About this task: Transcribe the listing below exactly, leaving out each image.

Provided data:
=== Begin Enclosure ===
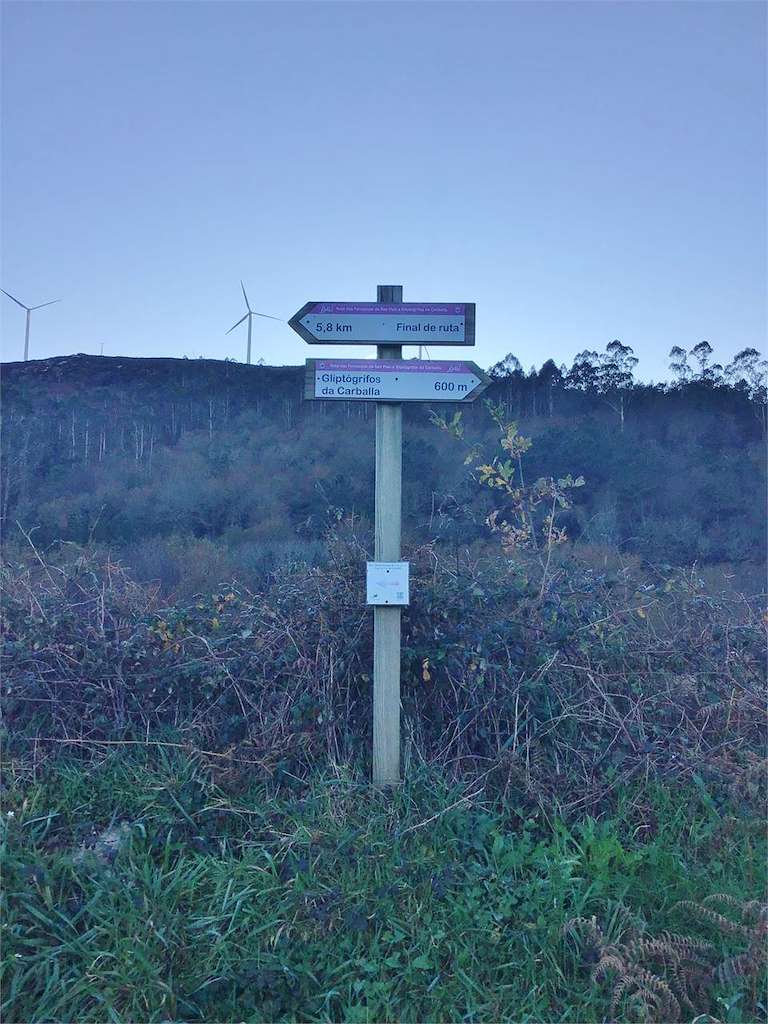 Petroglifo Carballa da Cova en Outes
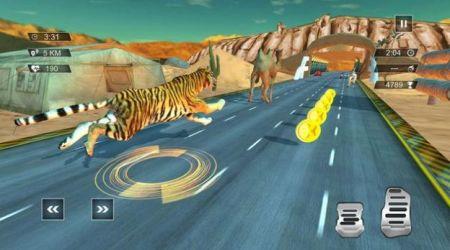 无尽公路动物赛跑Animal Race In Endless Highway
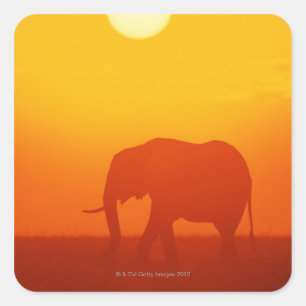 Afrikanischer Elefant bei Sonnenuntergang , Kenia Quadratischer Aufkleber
=== End Enclosure ===
Solution for this task:
 Petroglifo Carballa da Cova en Outes
 无尽公路动物赛跑Animal Race In Endless Highway
 Afrikanischer Elefant bei Sonnenuntergang , Kenia Quadratischer Aufkleber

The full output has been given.